Negative returns can also be used to refer to the profit or loss of a business in a specific period. For example, if a company generated $20,000 in revenue but had $40,000 in costs, it would then have a negative return.

Some businesses report a negative return during their early years because of the amount of capital that initially goes into the business to get it off the ground. Spending a lot of money/capital when not bringing in any revenue will lead to a loss. New businesses generally do not begin making a profit until after a few years of being established.

Investors in a company will be willing to stick around if they know that the company has the potential to quickly turn its negative return into a positive return and bring in high profits, sales, or asset turnover.

However, if a business is continuously experiencing negative returns without a solid business plan to turn operations around, then investors may lose faith in the company. This can result in a decrease in a company's share price as well as difficulty in obtaining financing. Continuous negative returns in business will lead to bankruptcy.

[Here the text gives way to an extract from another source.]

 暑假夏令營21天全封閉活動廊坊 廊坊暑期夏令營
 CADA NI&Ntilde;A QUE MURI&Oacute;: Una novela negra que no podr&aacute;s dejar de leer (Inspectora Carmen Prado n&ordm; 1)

Negative Returns on Projects

Negative returns can also be used in relation to projects that companies invest in, usually requiring debt financing. For example, a company decides to purchase new equipment to expand its business and borrows money to do so. If the interest rate on the loan used to buy the equipment is higher than the returns the company is receiving from the new equipment, it will have experienced a negative return on that capital investment.

Example of a Negative Return

Assume Charles received $1,000 as a gift and wants to invest that money. He does research on a few stock suggestions provided to him by his friend. He decides to invest in two stocks equally: Company ABC and Company XYZ. He buys $500 of each stock.

After one year, Charles looks at his portfolio. He sees that Company ABC has appreciated in value to $600 while Company XYZ has depreciated in value to $200. While he has a positive return on Company ABC he has a negative return on Company XYZ. Also, his overall portfolio has a negative return of $200. The invested value was $1,000 and the current value is $800.

These are unrealized gains and losses and Charles can either continue holding the stocks or sell them. If he sells them the loss on Company XYZ is tax-deductible on the gains of Company ABC, reducing Charle's capital gains tax.